▶ [The problem]
All records are to be reproduced verbatim, with images omitted.

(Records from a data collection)

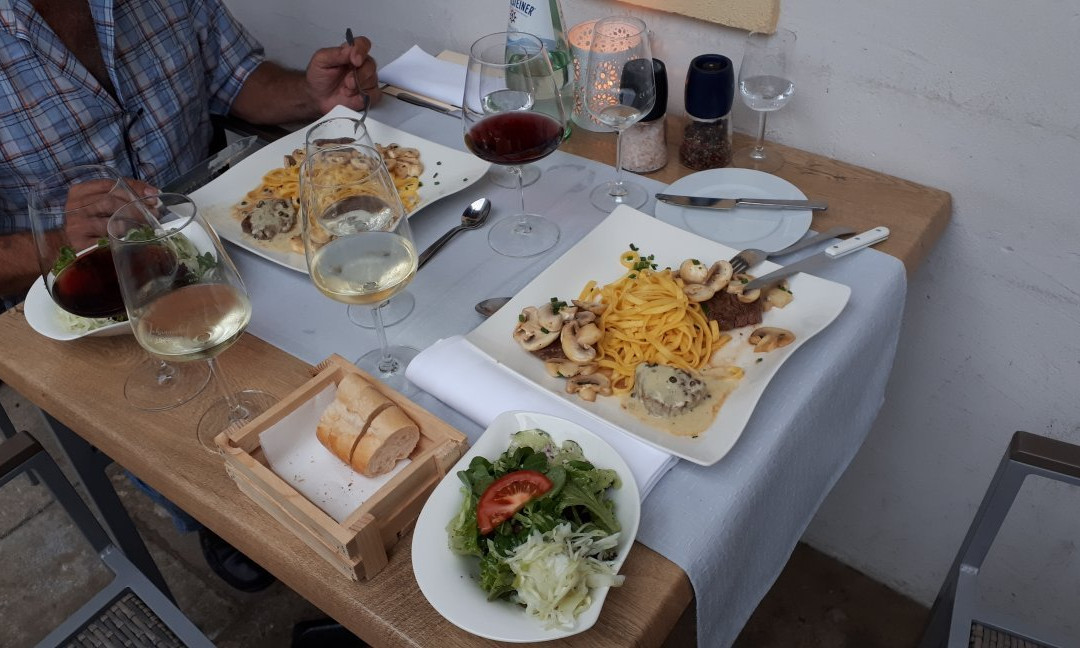 Johannishof Wein-Cafe & Gastehaus主图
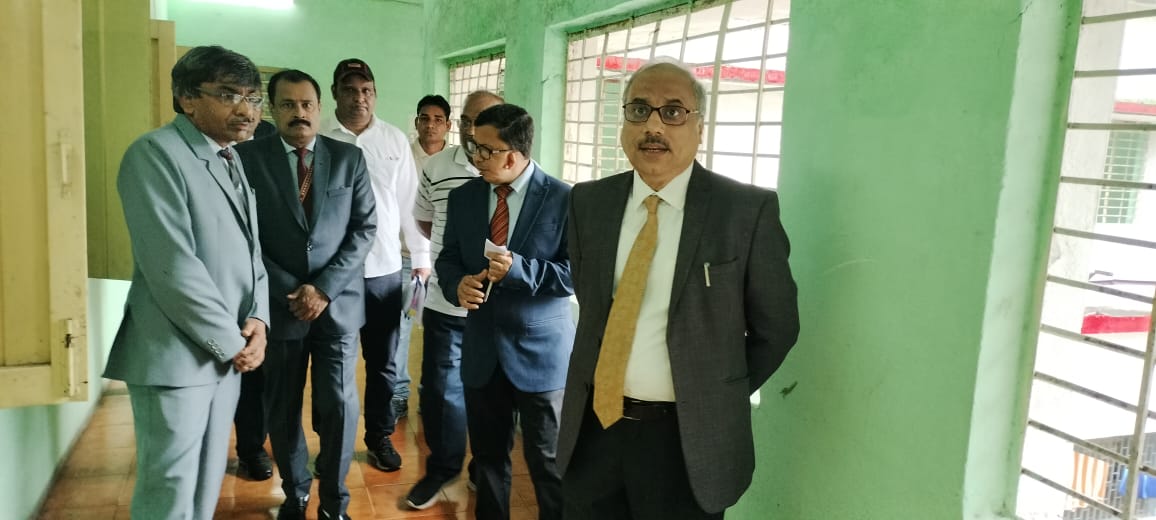 चीफ़ जस्टिस रमेश सिन्हा ने किया बाल संप्रेक्षण गृह व किशोर न्याय बोर्ड भवन का निरीक्षण चीफ़ जस्टिस रमेश सिन्हा ने किया बाल संप्रेक्षण गृह व किशोर न्याय बोर्ड भवन का निरीक्षण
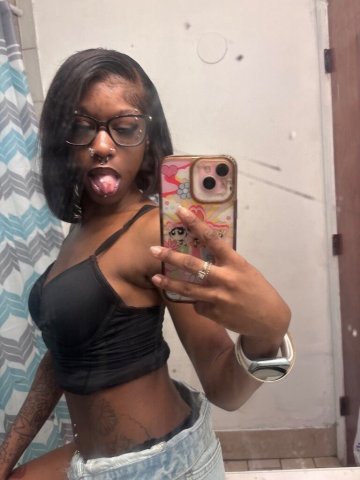 Valdosta GA Chocolate Theme Outcalls — Carplay Available - 1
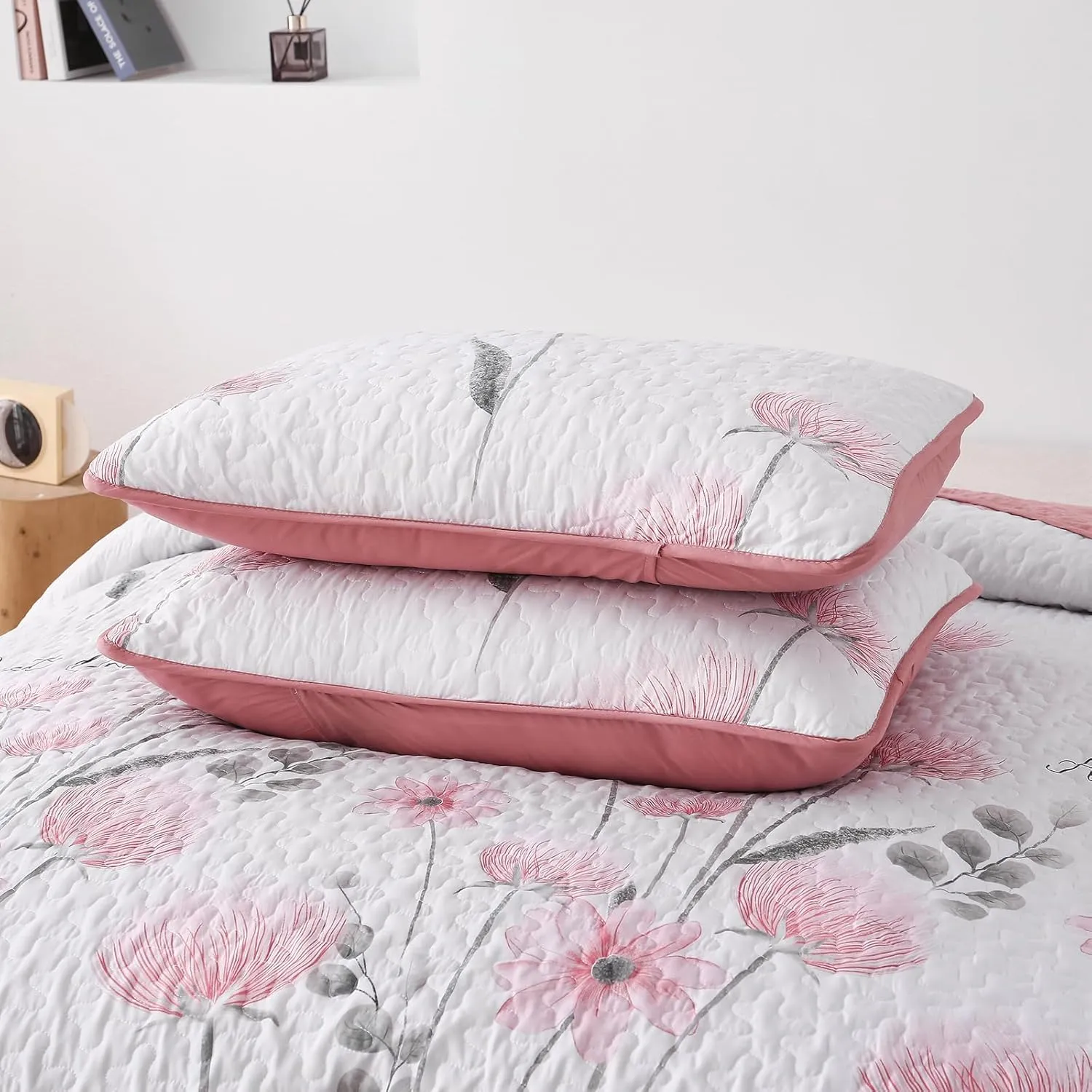 Dinjoy Floral Quilt Set Queen,Pink Bedspread Full/Queen Size 3 Pieces Lightweight Farmhouse Bedding Set Cute Quilts Soft Flower Bedspreads White Coverlet Sets for Girls Women Spring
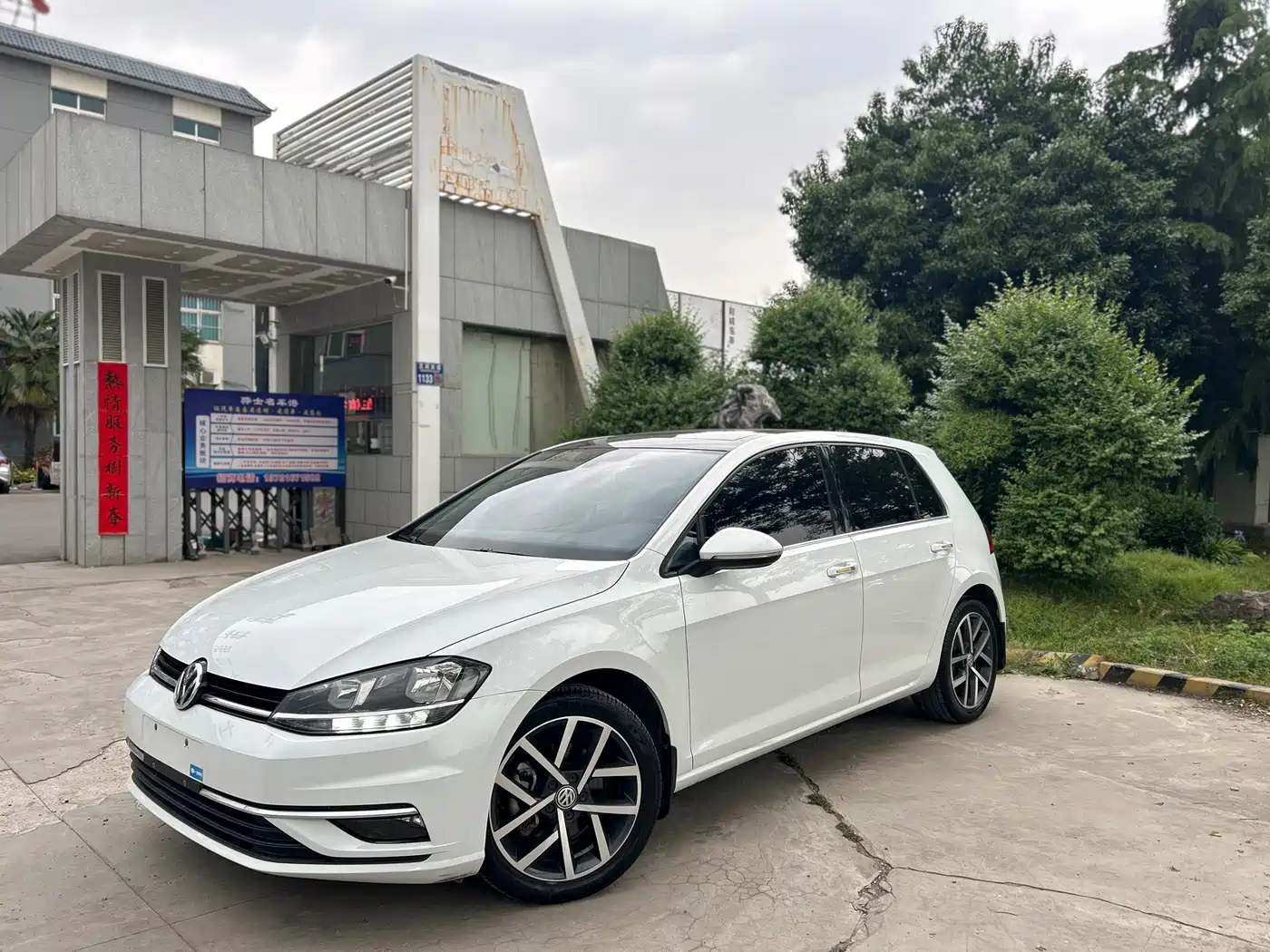 Volkswagen Golf 2020 Beloved Edition 280TSI DSG Comfort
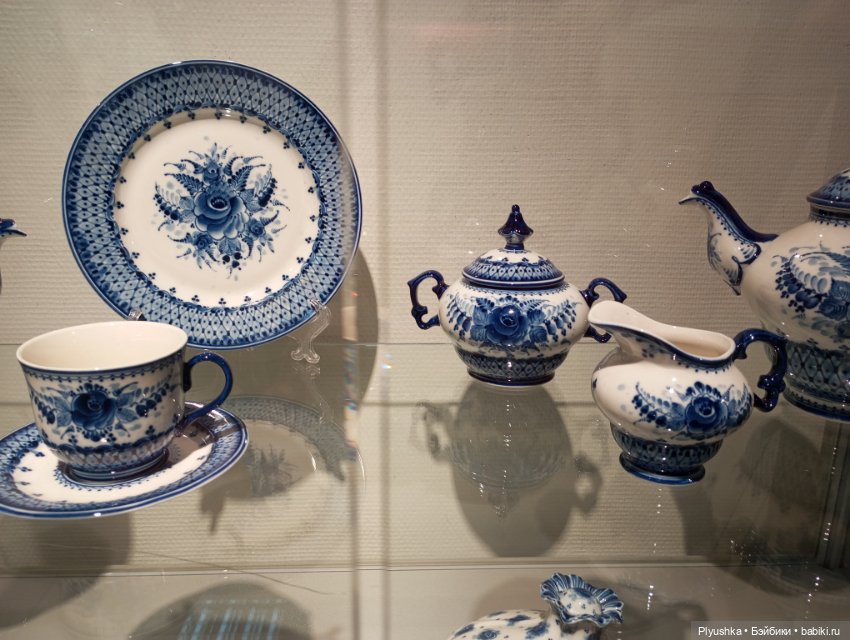 Таллула на выставке Гжели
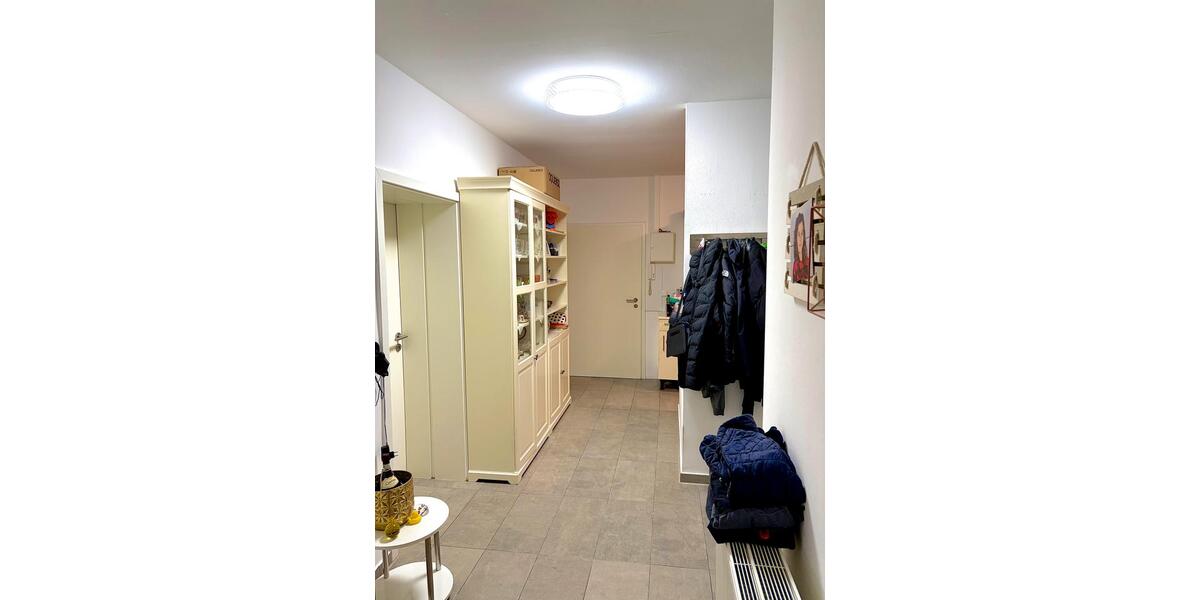 Erdgeschoßwohnung Mönchengladbach Nord - 4 Zimmer, 115 m&sup2;, 950&euro; | Angebot:25810574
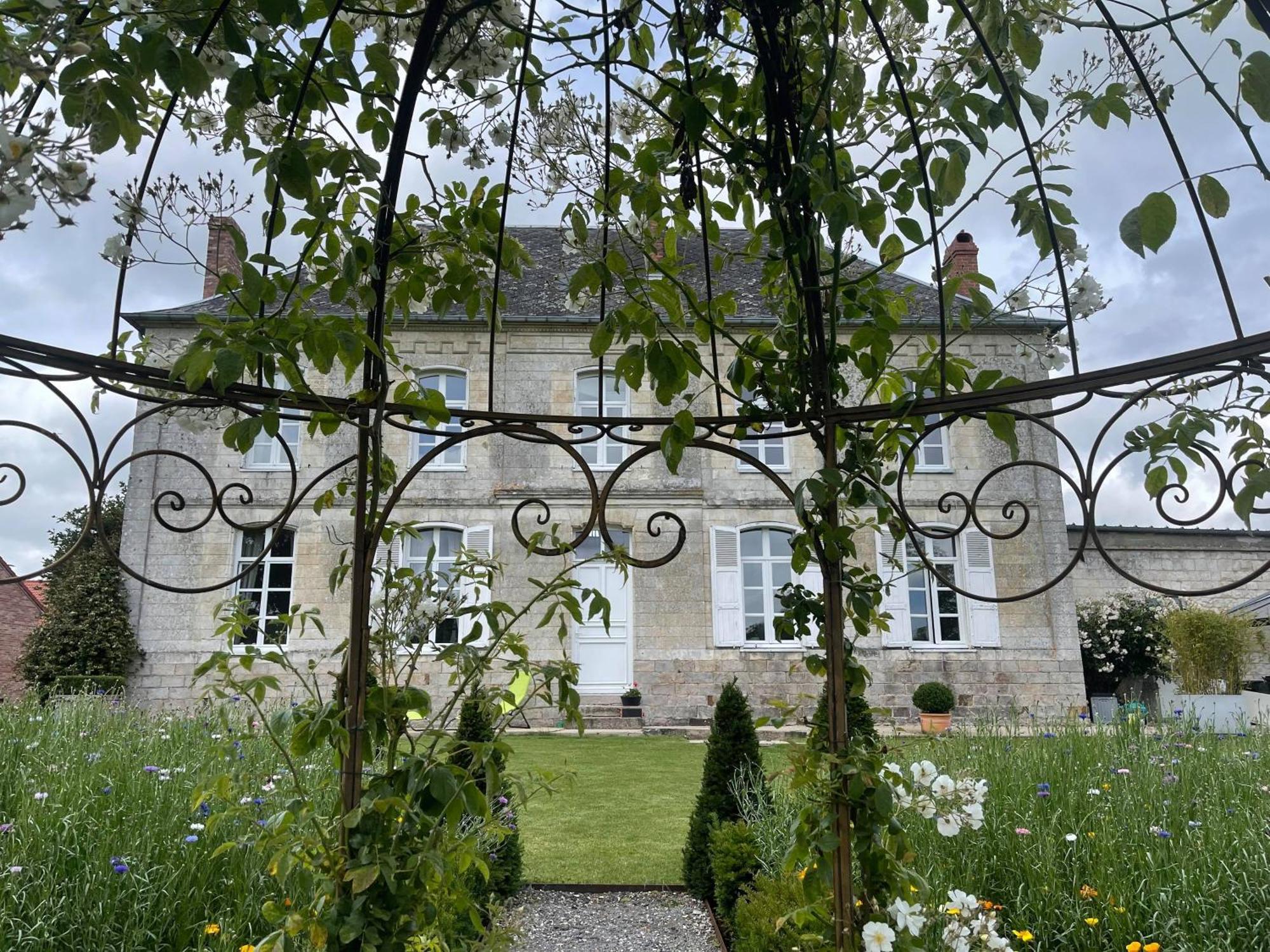 Charme D Antan Bed & Breakfast Villers-Chatel Bagian luar foto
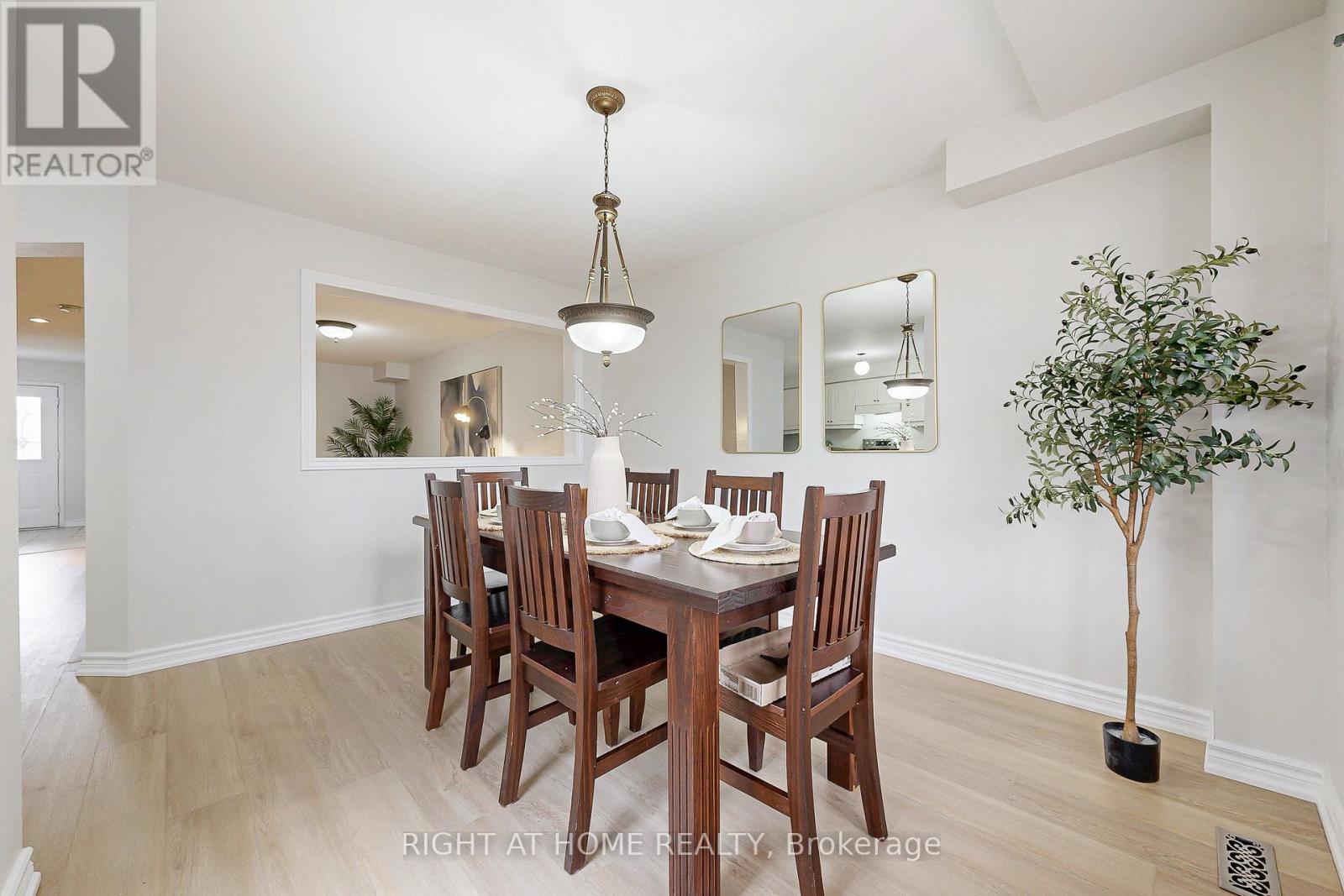 10 Pascoe Drive, Markham, Ontario  L6B 1C4 - Photo 15 - N12549206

▶ [Result below]
 Johannishof Wein-Cafe & Gastehaus主图
 चीफ़ जस्टिस रमेश सिन्हा ने किया बाल संप्रेक्षण गृह व किशोर न्याय बोर्ड भवन का निरीक्षण चीफ़ जस्टिस रमेश सिन्हा ने किया बाल संप्रेक्षण गृह व किशोर न्याय बोर्ड भवन का निरीक्षण
 Valdosta GA Chocolate Theme Outcalls — Carplay Available - 1
 Dinjoy Floral Quilt Set Queen,Pink Bedspread Full/Queen Size 3 Pieces Lightweight Farmhouse Bedding Set Cute Quilts Soft Flower Bedspreads White Coverlet Sets for Girls Women Spring
 Volkswagen Golf 2020 Beloved Edition 280TSI DSG Comfort
 Таллула на выставке Гжели
 Erdgeschoßwohnung Mönchengladbach Nord - 4 Zimmer, 115 m&sup2;, 950&euro; | Angebot:25810574
 Charme D Antan Bed & Breakfast Villers-Chatel Bagian luar foto
 10 Pascoe Drive, Markham, Ontario  L6B 1C4 - Photo 15 - N12549206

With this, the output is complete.